Crohns disease ( a type of inflammatory bowel disease) and Sjogren's syndrome are both considered a form of auto-immune disorder, most likely caused by a malfunction in the immune system. Although both can cause arthritis-like symptoms in some people, neither is specifically considered a form of arthritis. Bursitis and tendonitis affect the structures around the joints, so the pain can sometimes be mistaken for the joint pain of arthritis. However, none of these conditions would be considered specifically "arthritis" for the purpose of the lupus criteria.
Thyroid disorder is very common in women. Often an underactive thyroid is caused by autoimmune thyroiditis, called Hasimoto's thyroiditis. Some women with lupus also have Hasimoto's, but it is also very common in women who don't have lupus. So only a doctor can really tell you if a thyroid problem is related to another disease.
Hope this helps.
11-15-2006, 04:41 AM
I think I finally getting this non-erosive arthritis. It is the inflamation that attacks the skin and joints causes them to swell, and not cause by any structural damage. I have had some of this only in my fingers, hip and knees.
My knee swelled so much it was so tight in my loose pants. I thought I had somehow over worked the knee. When I went to the doctor whom I had at the time, and told her about the swelling (of course after the swelling had gone down), she did take x-rays and she said there was no damage there, and so she did not believe me about the swelling. (I don't remember now if it was hot to touch.)
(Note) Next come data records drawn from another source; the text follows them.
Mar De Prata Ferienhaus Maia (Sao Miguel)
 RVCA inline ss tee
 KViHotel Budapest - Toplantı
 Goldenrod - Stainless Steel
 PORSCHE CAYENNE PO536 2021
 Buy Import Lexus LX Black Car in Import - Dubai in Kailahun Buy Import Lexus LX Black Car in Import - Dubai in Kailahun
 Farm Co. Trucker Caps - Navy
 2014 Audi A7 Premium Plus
It also happened with my hips joints, it swelled but I remember it was also very hot to touch. I tried explaining this to the orteopedic surgeon who gave me a cortisone shot saying it was Bursitis. The shot did nothing to alleviate the pain.
The finger swell off and on in the joints and never when I want to show a doctor.
Marycain, it is so much easier trying to explain what is going on with me, and finally getting answers, that are helping me understand. I appreciate your time and energy.
11-15-2006, 08:17 AM
I think most doctors are so rushed, you are in and out before you have any time to ask questions. And they are not always the best at answering questions because they assume we understand all the medical jargon. Hopefully asking questions here will help you organize the questions you need to ask your own doctor, so you get the most out of your appointment time.